[Input data]
-- Opening Marker --
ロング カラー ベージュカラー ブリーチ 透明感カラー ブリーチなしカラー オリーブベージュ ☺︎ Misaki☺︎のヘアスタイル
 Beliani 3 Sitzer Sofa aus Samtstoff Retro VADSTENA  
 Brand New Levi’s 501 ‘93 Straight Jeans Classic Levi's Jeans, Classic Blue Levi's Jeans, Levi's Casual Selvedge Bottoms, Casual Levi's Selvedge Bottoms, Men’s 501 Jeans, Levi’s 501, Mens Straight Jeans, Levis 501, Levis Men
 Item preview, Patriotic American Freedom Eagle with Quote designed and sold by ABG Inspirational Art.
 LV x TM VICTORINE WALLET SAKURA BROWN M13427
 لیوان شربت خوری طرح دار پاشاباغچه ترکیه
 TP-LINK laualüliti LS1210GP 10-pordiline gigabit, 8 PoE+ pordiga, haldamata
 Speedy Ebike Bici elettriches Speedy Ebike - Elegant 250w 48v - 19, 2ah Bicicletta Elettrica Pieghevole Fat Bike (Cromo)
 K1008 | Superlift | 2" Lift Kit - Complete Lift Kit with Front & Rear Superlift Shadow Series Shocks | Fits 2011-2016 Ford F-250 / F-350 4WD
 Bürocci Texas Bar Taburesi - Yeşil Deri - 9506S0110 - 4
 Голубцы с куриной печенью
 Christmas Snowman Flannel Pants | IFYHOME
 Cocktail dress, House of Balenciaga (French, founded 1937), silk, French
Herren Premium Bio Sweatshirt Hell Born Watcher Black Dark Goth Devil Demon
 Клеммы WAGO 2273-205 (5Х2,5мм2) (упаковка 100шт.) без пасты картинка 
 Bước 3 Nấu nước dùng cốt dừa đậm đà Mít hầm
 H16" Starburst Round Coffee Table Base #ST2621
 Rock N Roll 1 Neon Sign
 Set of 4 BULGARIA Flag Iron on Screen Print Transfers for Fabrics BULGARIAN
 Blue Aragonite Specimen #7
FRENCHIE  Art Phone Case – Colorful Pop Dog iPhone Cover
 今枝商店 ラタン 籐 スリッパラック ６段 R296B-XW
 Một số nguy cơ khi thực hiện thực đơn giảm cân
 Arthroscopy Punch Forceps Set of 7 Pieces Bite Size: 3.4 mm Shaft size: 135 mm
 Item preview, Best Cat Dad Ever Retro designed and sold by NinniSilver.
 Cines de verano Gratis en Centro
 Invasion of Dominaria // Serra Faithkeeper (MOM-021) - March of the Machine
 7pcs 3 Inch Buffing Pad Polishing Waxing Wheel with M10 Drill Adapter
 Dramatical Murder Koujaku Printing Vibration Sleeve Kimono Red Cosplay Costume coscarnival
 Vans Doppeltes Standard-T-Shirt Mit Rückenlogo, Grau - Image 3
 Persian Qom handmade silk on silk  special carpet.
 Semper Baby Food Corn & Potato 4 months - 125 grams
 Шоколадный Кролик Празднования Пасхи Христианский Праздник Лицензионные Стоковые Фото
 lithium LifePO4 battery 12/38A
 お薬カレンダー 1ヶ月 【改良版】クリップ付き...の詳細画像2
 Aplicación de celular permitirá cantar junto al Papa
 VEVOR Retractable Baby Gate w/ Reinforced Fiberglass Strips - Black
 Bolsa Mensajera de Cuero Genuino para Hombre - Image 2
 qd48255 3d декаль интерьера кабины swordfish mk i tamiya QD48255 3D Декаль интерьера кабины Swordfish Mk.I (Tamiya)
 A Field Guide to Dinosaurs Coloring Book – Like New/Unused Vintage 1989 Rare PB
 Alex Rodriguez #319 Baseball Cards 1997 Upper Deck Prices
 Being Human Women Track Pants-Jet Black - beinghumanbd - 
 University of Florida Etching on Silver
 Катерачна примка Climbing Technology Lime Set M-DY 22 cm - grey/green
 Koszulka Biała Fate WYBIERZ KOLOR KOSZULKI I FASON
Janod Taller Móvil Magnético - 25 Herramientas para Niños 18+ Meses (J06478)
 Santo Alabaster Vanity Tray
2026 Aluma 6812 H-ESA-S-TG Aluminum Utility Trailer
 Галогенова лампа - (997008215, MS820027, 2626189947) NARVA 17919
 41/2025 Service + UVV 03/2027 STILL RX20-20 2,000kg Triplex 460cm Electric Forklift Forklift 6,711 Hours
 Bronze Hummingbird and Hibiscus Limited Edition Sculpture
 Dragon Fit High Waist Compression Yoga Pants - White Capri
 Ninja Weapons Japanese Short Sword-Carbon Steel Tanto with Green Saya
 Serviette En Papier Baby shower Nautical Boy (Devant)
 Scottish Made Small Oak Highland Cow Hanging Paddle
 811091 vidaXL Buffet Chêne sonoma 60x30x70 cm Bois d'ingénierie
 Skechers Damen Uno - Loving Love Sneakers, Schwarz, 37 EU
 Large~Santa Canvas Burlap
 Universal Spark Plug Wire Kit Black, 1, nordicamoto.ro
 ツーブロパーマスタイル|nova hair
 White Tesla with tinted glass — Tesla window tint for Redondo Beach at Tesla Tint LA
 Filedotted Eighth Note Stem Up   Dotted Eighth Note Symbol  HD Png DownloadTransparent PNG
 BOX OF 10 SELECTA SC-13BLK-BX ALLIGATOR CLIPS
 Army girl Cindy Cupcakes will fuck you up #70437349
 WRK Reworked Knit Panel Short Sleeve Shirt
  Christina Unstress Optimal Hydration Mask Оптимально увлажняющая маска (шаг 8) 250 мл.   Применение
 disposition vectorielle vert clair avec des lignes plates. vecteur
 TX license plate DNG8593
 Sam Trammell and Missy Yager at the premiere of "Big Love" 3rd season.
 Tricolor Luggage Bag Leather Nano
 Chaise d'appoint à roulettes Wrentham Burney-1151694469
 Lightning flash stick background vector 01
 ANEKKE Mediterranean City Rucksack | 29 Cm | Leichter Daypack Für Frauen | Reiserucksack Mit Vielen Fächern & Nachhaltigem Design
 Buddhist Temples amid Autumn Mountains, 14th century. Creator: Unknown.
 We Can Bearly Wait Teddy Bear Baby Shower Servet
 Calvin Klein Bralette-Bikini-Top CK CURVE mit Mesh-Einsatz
-- Closing Marker --
[Problem details]
Return every line of the listing above that contains "preview".

[Response below]
 Item preview, Patriotic American Freedom Eagle with Quote designed and sold by ABG Inspirational Art.
 Item preview, Best Cat Dad Ever Retro designed and sold by NinniSilver.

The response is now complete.